Available data:
----------

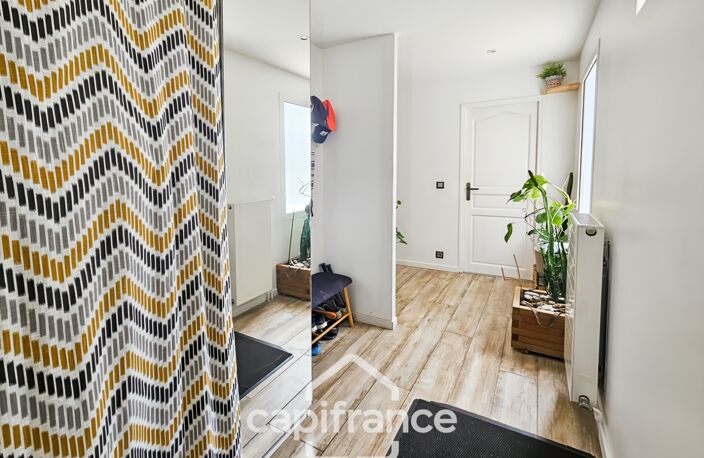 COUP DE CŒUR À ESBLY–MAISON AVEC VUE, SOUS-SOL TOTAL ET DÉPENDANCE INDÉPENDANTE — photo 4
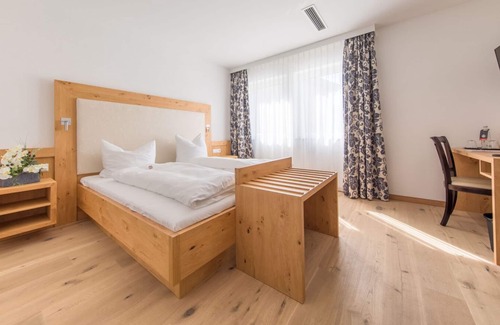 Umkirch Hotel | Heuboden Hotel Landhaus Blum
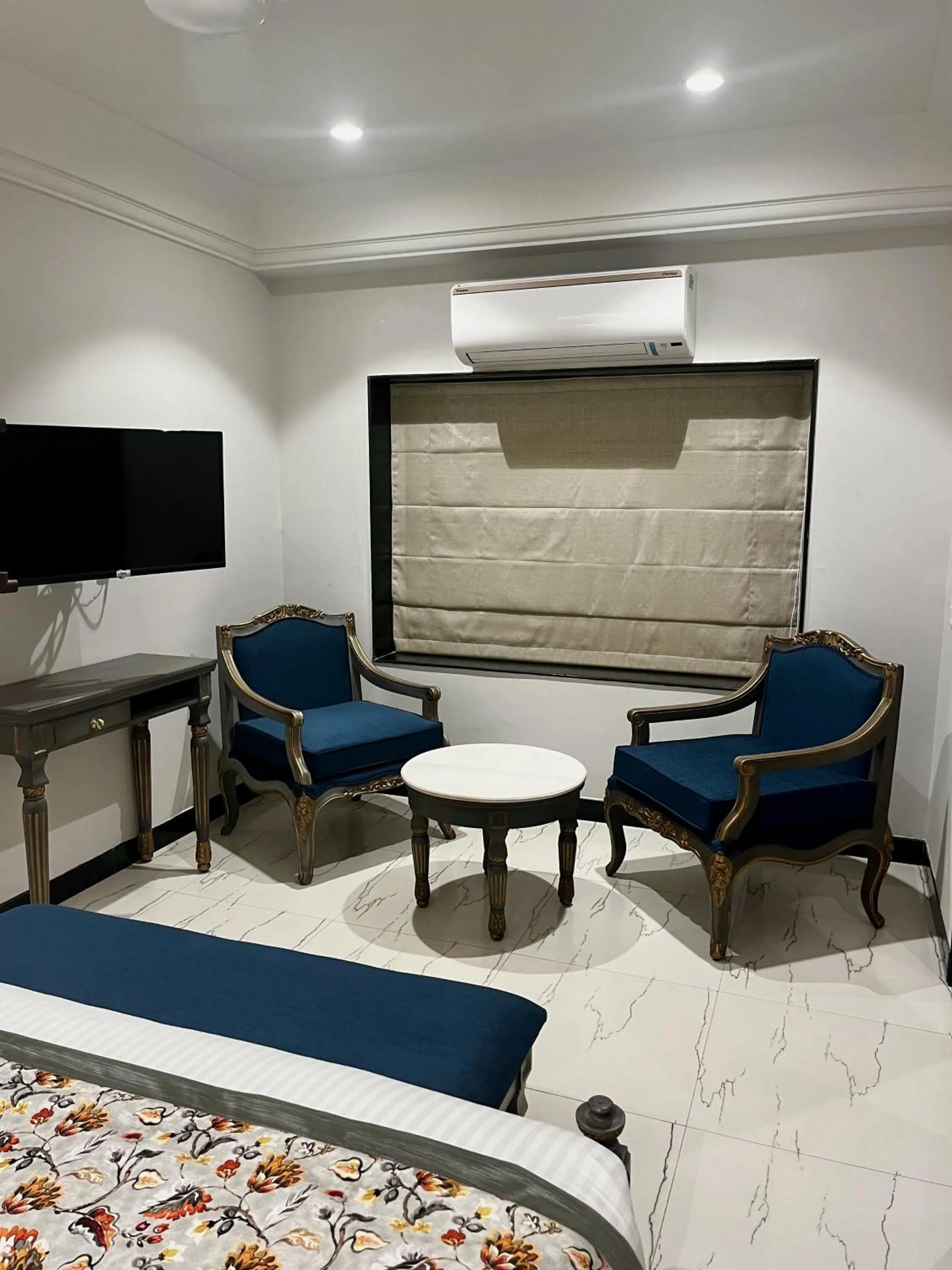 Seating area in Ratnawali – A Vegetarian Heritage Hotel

----------

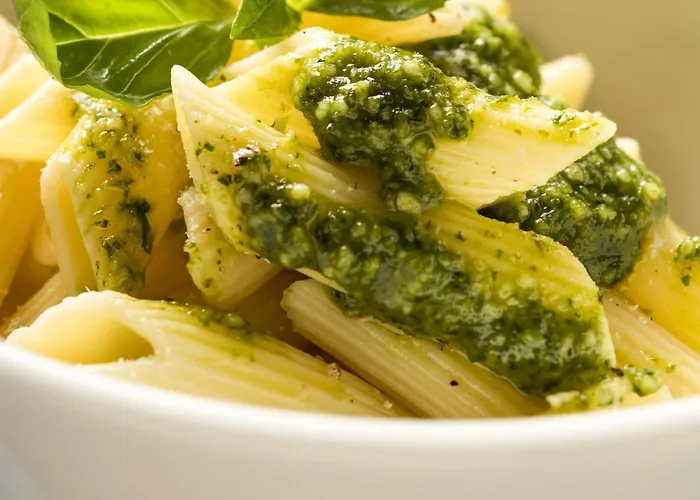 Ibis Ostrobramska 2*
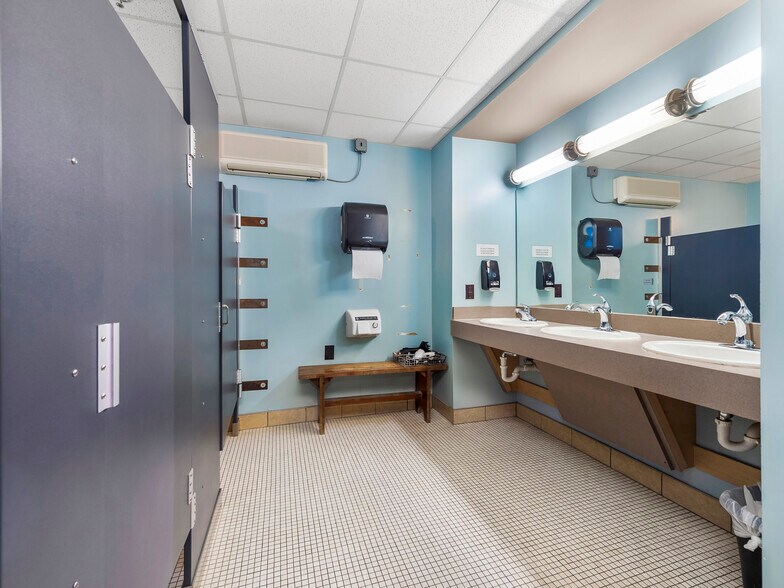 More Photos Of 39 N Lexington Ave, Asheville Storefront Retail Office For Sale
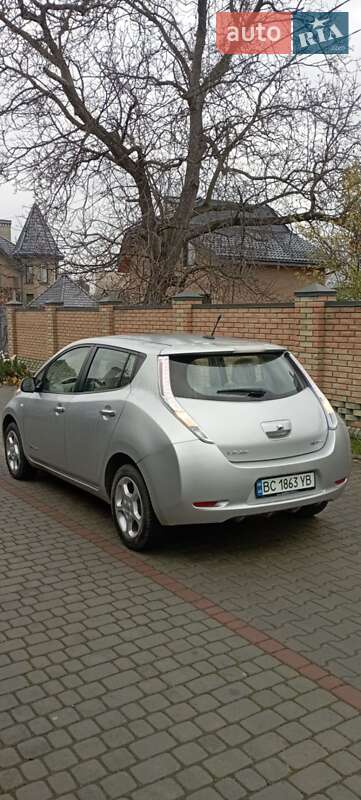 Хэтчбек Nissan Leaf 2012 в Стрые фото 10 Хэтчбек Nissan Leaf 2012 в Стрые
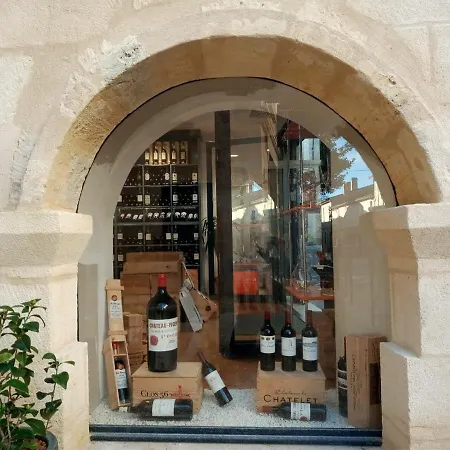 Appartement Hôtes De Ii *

----------

Task: Start with the line above containing "COUP DE CŒUR" and end with the line containing "Seating area in". Set down that stretch exactly, without any pictures.

Solution for this exercise:
 COUP DE CŒUR À ESBLY–MAISON AVEC VUE, SOUS-SOL TOTAL ET DÉPENDANCE INDÉPENDANTE — photo 4
 Umkirch Hotel | Heuboden Hotel Landhaus Blum
 Seating area in Ratnawali – A Vegetarian Heritage Hotel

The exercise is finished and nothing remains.